** Opening Data extract block **

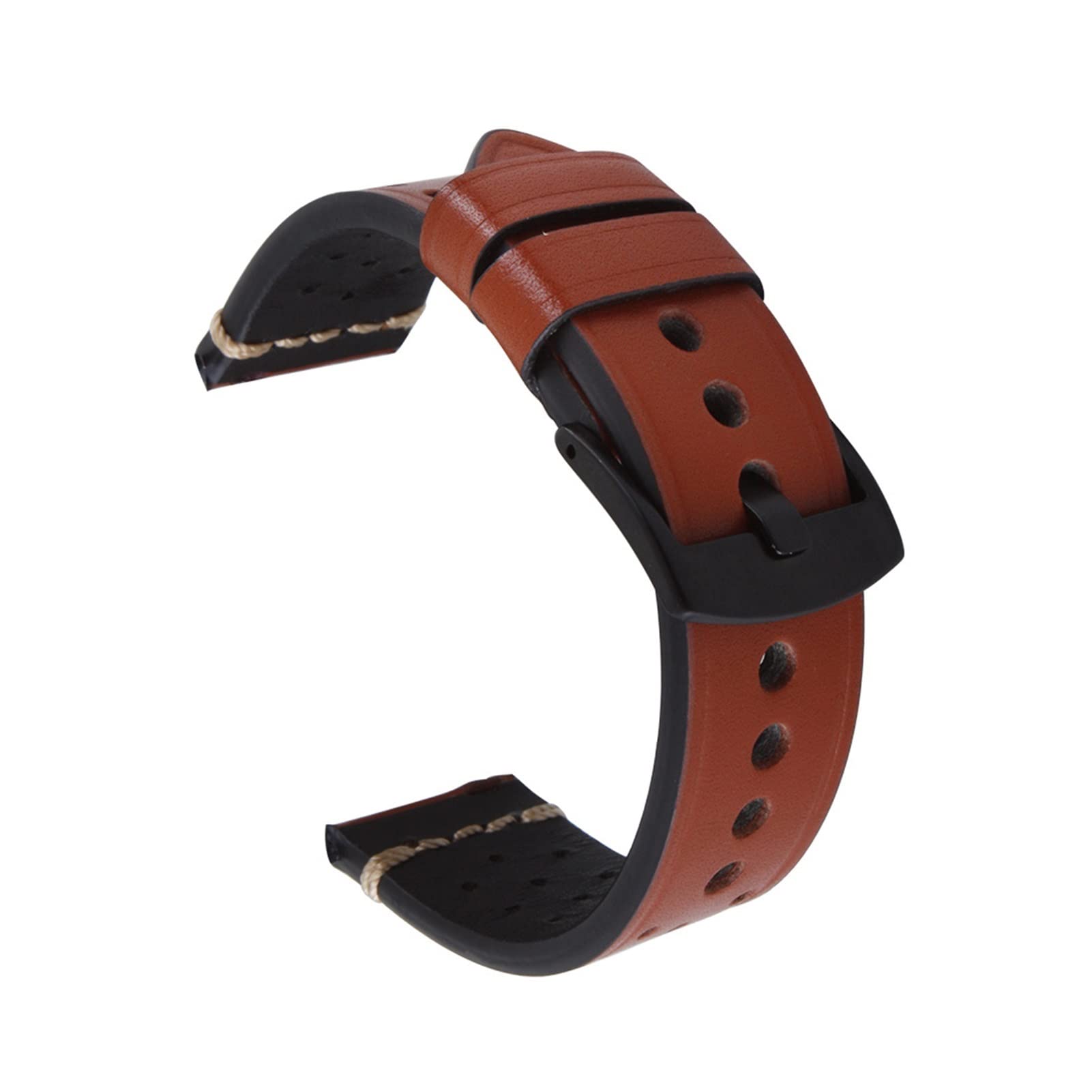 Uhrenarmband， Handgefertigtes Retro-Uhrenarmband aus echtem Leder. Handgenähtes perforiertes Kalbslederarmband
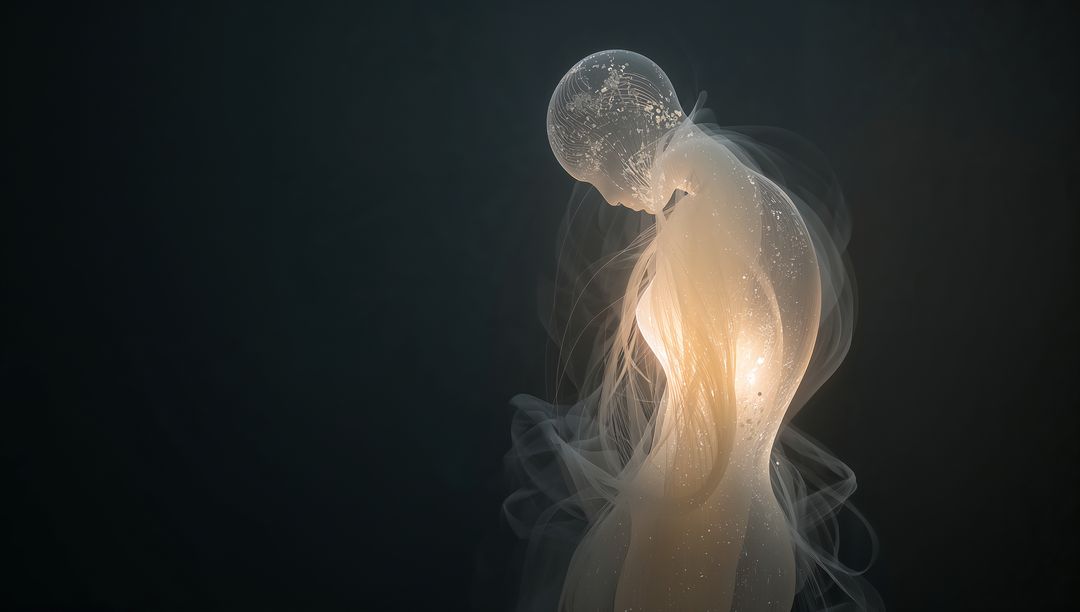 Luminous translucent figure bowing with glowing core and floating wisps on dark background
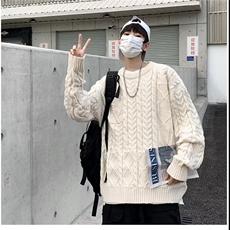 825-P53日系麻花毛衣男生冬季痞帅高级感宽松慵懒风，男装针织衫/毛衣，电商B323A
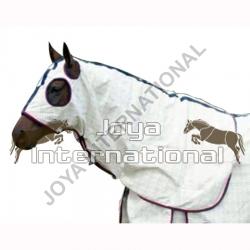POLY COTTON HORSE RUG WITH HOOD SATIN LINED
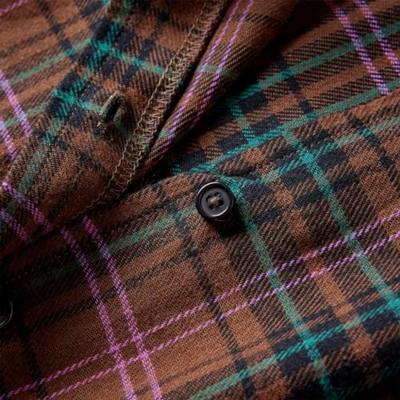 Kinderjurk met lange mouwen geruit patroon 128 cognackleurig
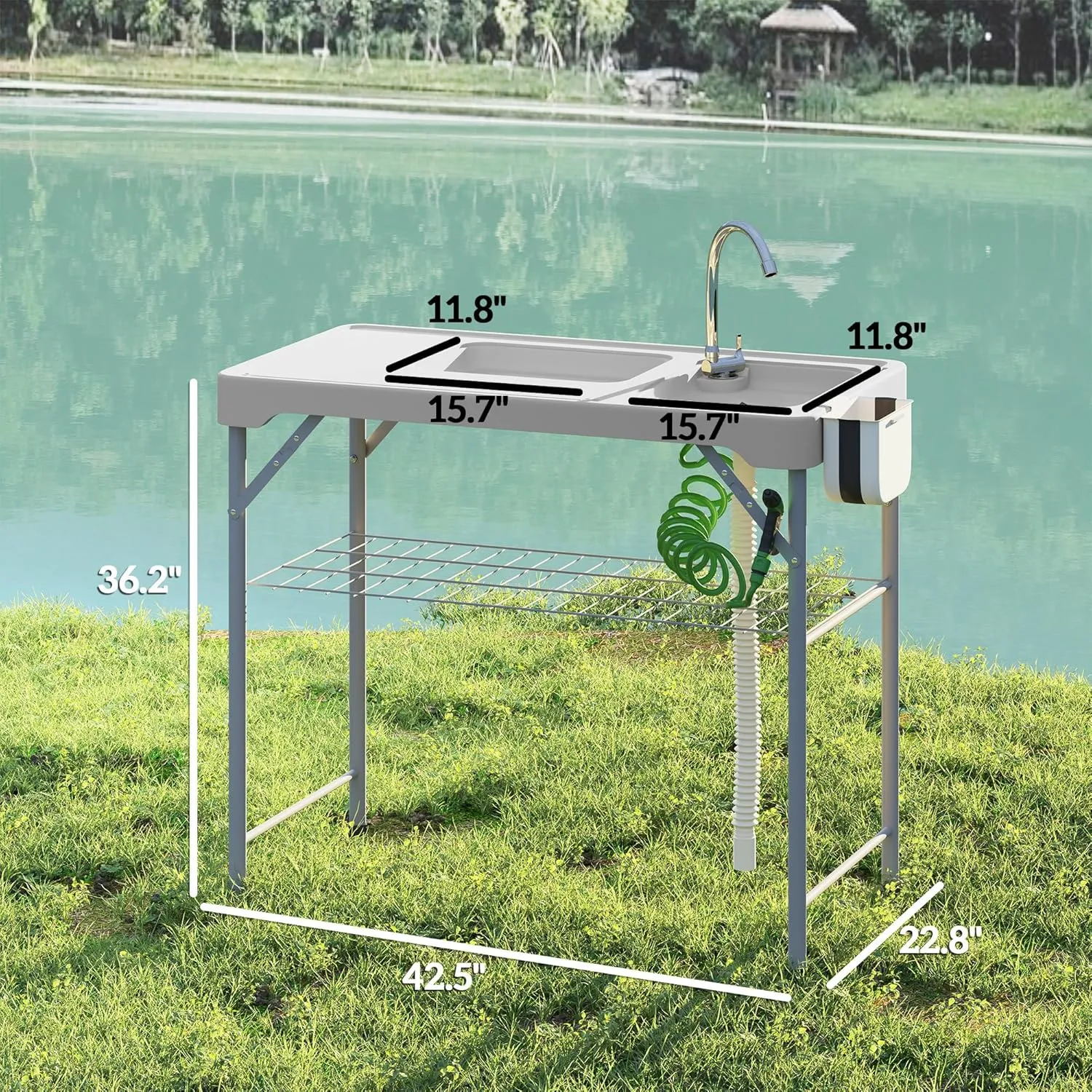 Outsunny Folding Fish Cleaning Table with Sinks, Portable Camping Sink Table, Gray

** Closing Data extract block **
** Opening Data extract block **

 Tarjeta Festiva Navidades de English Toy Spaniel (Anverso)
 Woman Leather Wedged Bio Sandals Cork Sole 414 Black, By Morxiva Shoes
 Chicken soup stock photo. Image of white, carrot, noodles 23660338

** Closing Data extract block **
** Opening Data extract block **

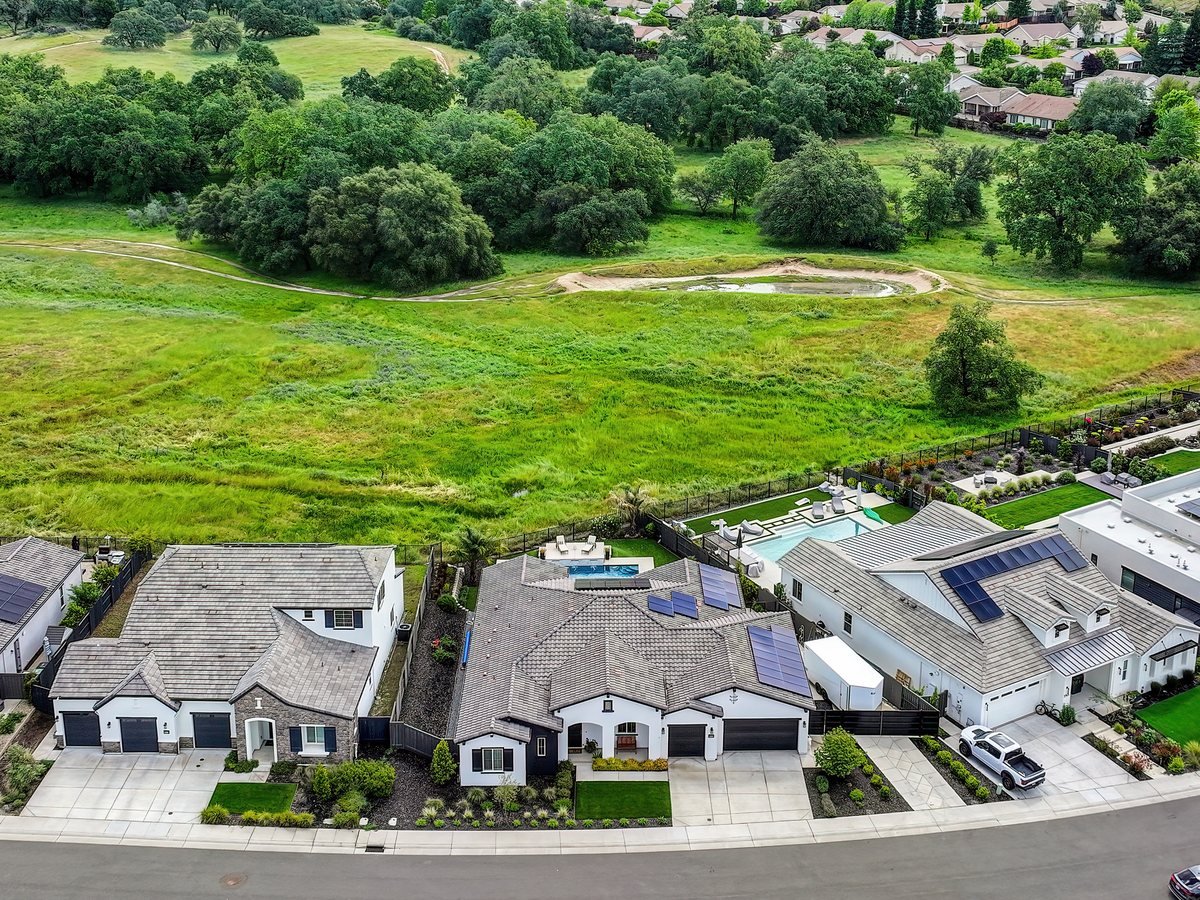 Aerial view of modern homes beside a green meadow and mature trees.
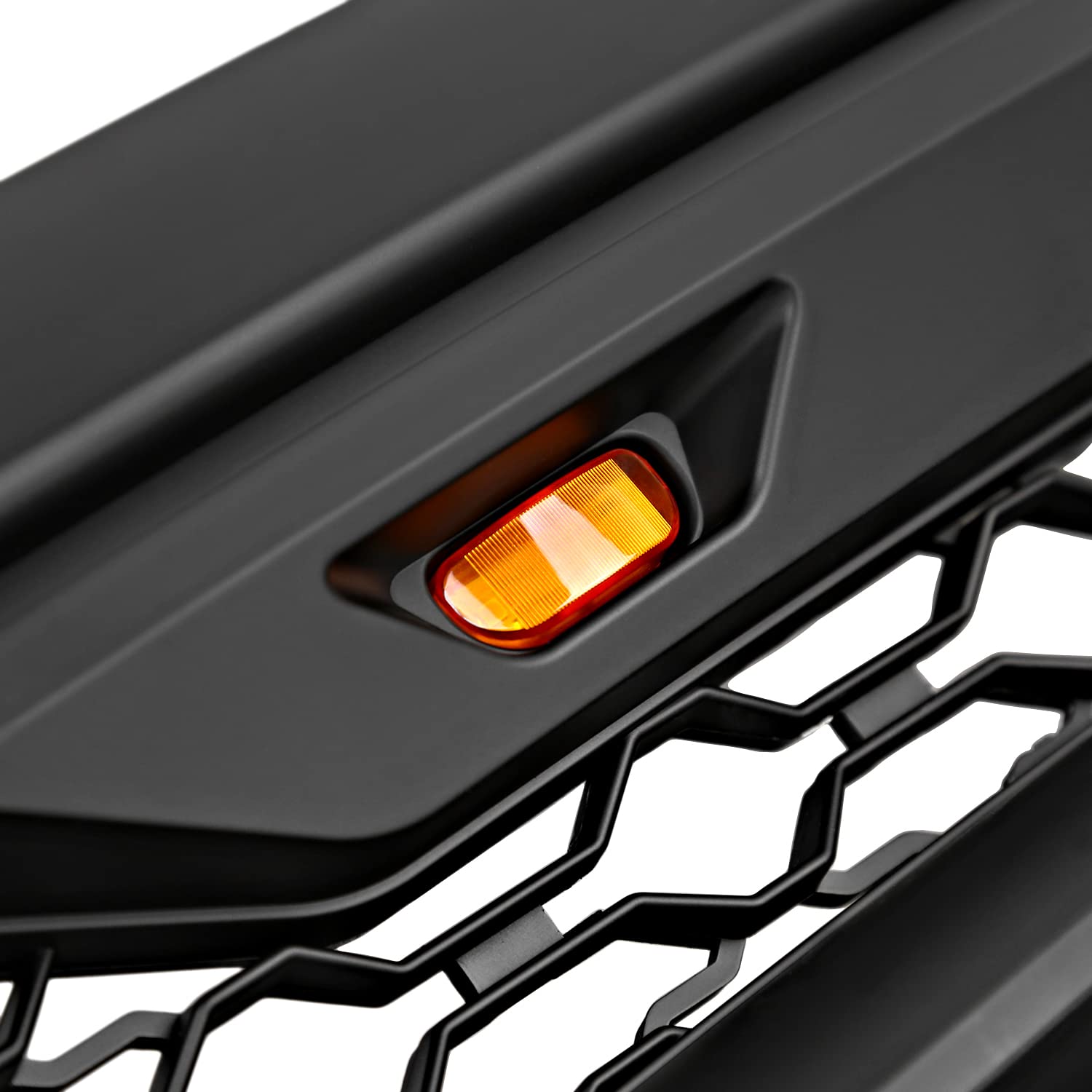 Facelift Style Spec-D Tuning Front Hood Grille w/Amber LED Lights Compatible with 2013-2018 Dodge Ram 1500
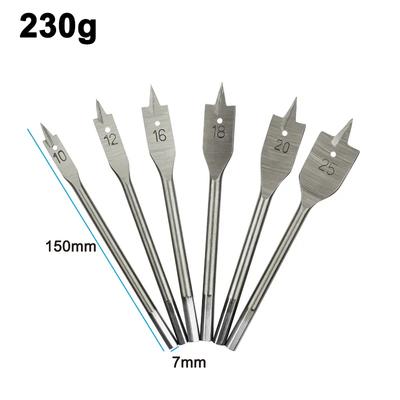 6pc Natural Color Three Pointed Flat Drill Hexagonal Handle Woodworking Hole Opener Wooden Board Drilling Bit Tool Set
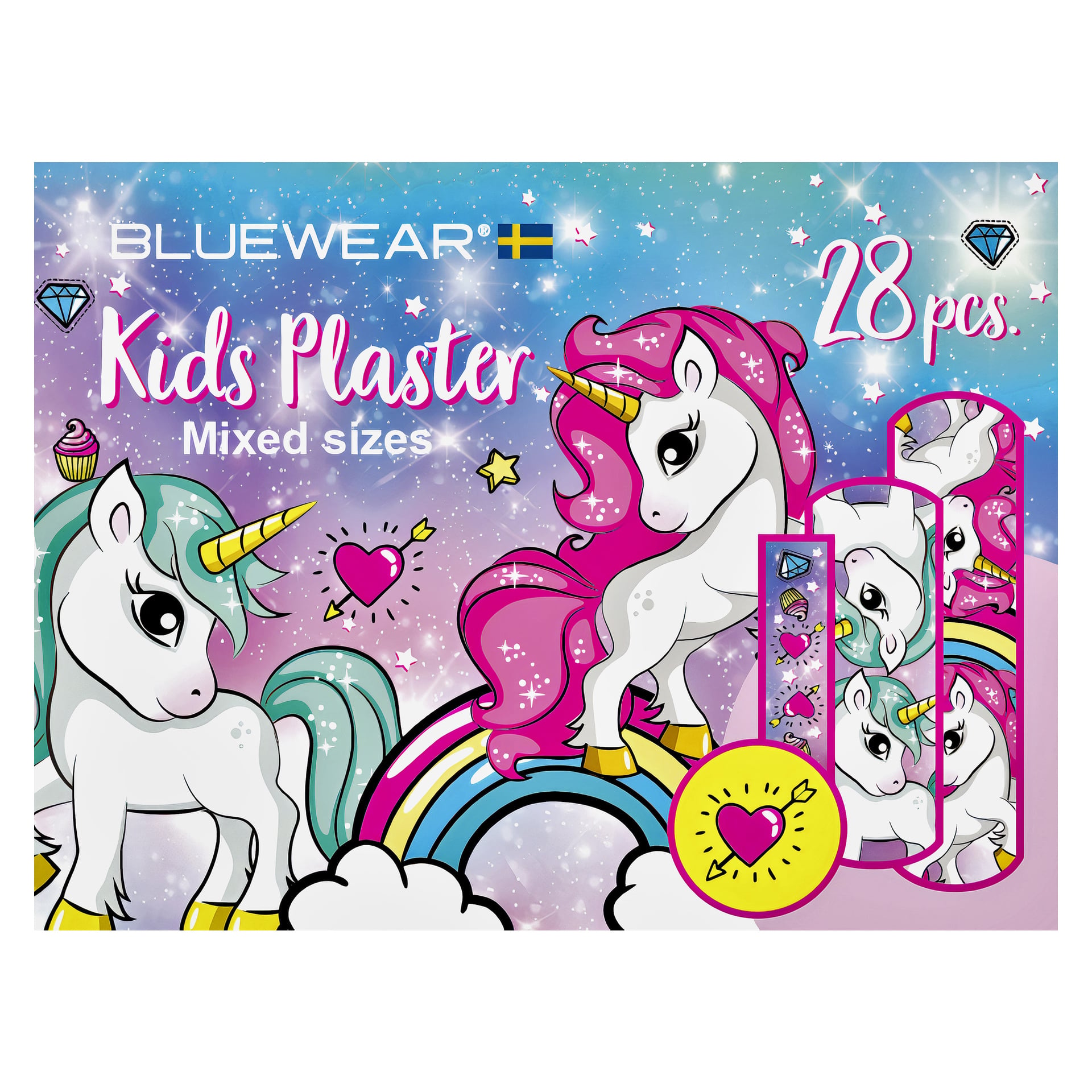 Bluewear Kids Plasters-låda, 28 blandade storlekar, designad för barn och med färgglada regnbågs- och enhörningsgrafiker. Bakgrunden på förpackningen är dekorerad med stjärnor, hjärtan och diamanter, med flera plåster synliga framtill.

** Closing Data extract block **

§ **Task directions**
In the data above, take the line with "POLY COTTON HORSE RUG WITH HOOD SATIN LINED", the line with "Outsunny Folding Fish", and every line between, and set them down exactly without pictures.

§ **Written response**
POLY COTTON HORSE RUG WITH HOOD SATIN LINED
 Kinderjurk met lange mouwen geruit patroon 128 cognackleurig
 Outsunny Folding Fish Cleaning Table with Sinks, Portable Camping Sink Table, Gray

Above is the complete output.